▶ _Problem statement_
Return an exact copy of the entries, skipping any picture you find.

▶ _Records for this task_
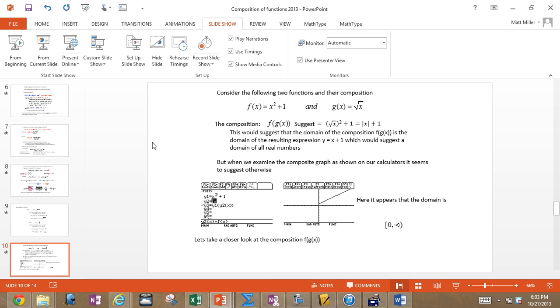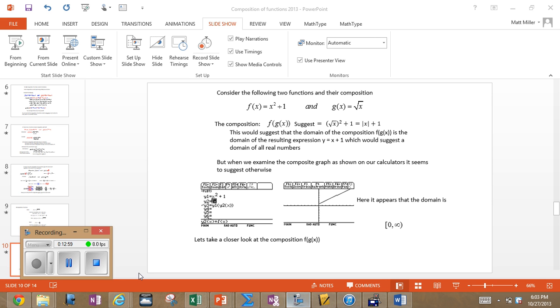The domain of the composition is the intersection between the domain of the inner function and the domain of the resultant. That ends this series. You'll have some practice problems, and hopefully get a better understanding through them.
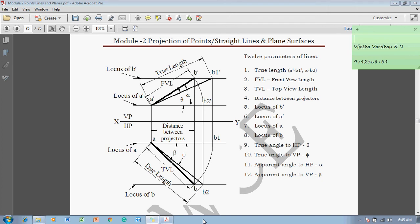Hi guys. Myself Vijaytavardhan, and today we are going to discuss in this lecture how to draw the projections of a straight line when the line is inclined to both the planes. In my previous lecture I showed you how to draw the projection of a straight line in different conditions — when a line is held parallel, inclined, and other things. Here in this lecture we discuss the actual projection when a line is inclined to both HP and VP.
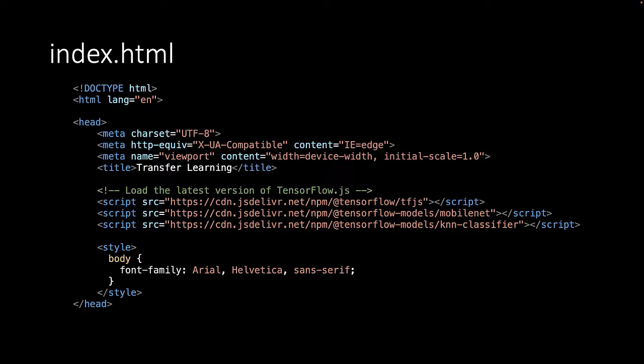There are three script tags. The first one is the TensorFlow library itself. Then we also load the MobileNet pre-trained model.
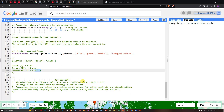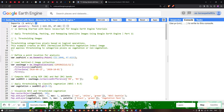The key concepts covered in this video are: thresholding — classifying pixels based on a condition such as NDVI greater than 0.5 for forest areas; masking — hiding unwanted data by setting values to zero; and the remap function — assigning new values to existing pixel values for better analysis and visualization. These operations help simplify and categorize remote sensing data for further analysis. Thanks for watching — make sure to subscribe and like, and the code is available in the description.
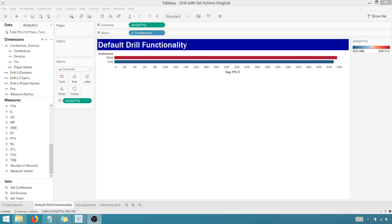So today we are back in Tableau and I'm working out of version 2018.3.1. It has this new set action functionality. I just released a video showing you how to drill on mark selection. That video is still very valid, check it out. But this new set action functionality makes things a little bit easier. You can use this set action functionality to drill into your data.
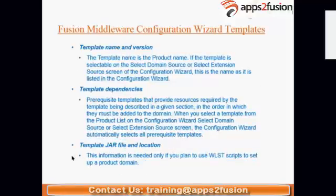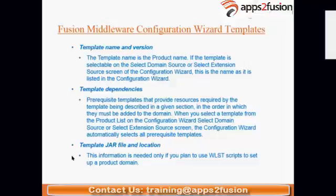Next is template name and version. A template's name includes the product name — for example, IDM or SOA — along with the version, such as SOA 12.1.3. This naming convention, along with a further extension, distinguishes each template from others.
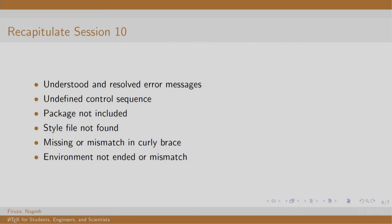In session 10, we learnt to read error messages and resolve them. This brings us to the end of topic 2. I hope you are enjoying the course. Thank you. Have a nice day.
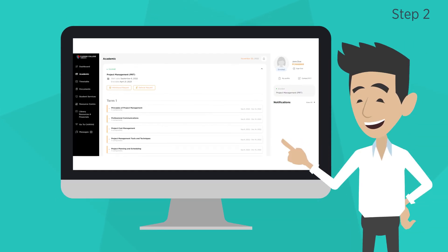Step 2. Now, click on the Academic tab on the left-hand side of your screen, then click on Withdrawal Request.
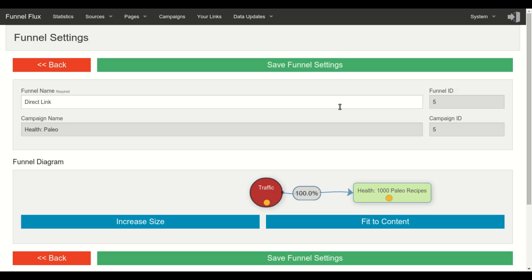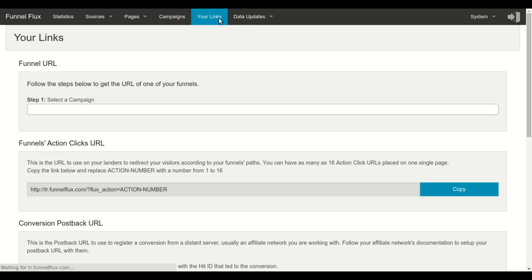Once you have created a funnel and are ready to send traffic to that funnel, you need a link to be able to send people to it. To get this link, go to this section, your links, and in this first part of this page...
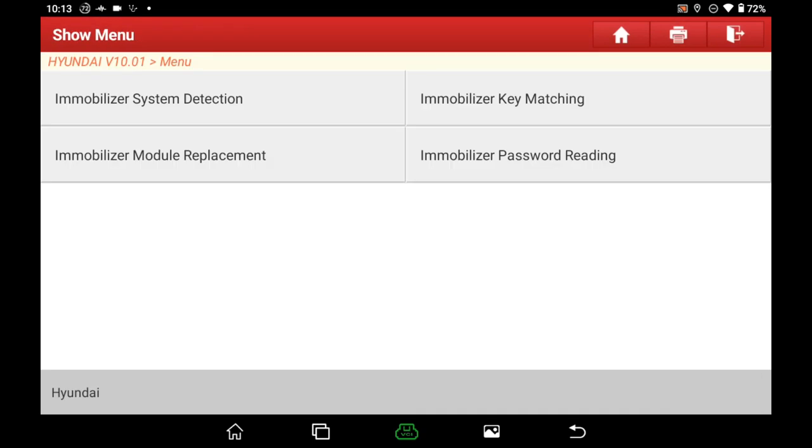For Hyundai and Kia Key Programming, normally we need to get a 6-digit number PIN code firstly. For some vehicles, we can read out directly by diagnostic tool. If can't, you may need to contact Hyundai or Kia distributor for help.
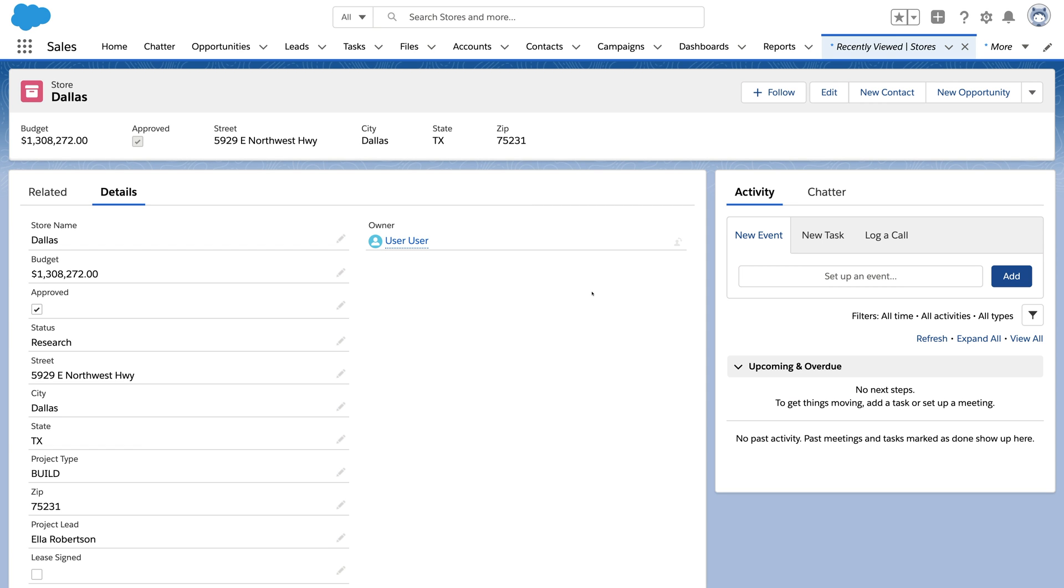Now, with our data in Salesforce, we can control who can see or edit a store, build reports, attach files or photos, or automate our business processes.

▶ _Exercise output_
The domain of the composition is the intersection between the domain of the inner function and the domain of the resultant. That ends this series. You'll have some practice problems, and hopefully get a better understanding through them.
Hi guys. Myself Vijaytavardhan, and today we are going to discuss in this lecture how to draw the projections of a straight line when the line is inclined to both the planes. In my previous lecture I showed you how to draw the projection of a straight line in different conditions — when a line is held parallel, inclined, and other things. Here in this lecture we discuss the actual projection when a line is inclined to both HP and VP.
There are three script tags. The first one is the TensorFlow library itself. Then we also load the MobileNet pre-trained model.
The key concepts covered in this video are: thresholding — classifying pixels based on a condition such as NDVI greater than 0.5 for forest areas; masking — hiding unwanted data by setting values to zero; and the remap function — assigning new values to existing pixel values for better analysis and visualization. These operations help simplify and categorize remote sensing data for further analysis. Thanks for watching — make sure to subscribe and like, and the code is available in the description.
So today we are back in Tableau and I'm working out of version 2018.3.1. It has this new set action functionality. I just released a video showing you how to drill on mark selection. That video is still very valid, check it out. But this new set action functionality makes things a little bit easier. You can use this set action functionality to drill into your data.
Next is template name and version. A template's name includes the product name — for example, IDM or SOA — along with the version, such as SOA 12.1.3. This naming convention, along with a further extension, distinguishes each template from others.
In session 10, we learnt to read error messages and resolve them. This brings us to the end of topic 2. I hope you are enjoying the course. Thank you. Have a nice day.
Step 2. Now, click on the Academic tab on the left-hand side of your screen, then click on Withdrawal Request.
Once you have created a funnel and are ready to send traffic to that funnel, you need a link to be able to send people to it. To get this link, go to this section, your links, and in this first part of this page...
For Hyundai and Kia Key Programming, normally we need to get a 6-digit number PIN code firstly. For some vehicles, we can read out directly by diagnostic tool. If can't, you may need to contact Hyundai or Kia distributor for help.
Now, with our data in Salesforce, we can control who can see or edit a store, build reports, attach files or photos, or automate our business processes.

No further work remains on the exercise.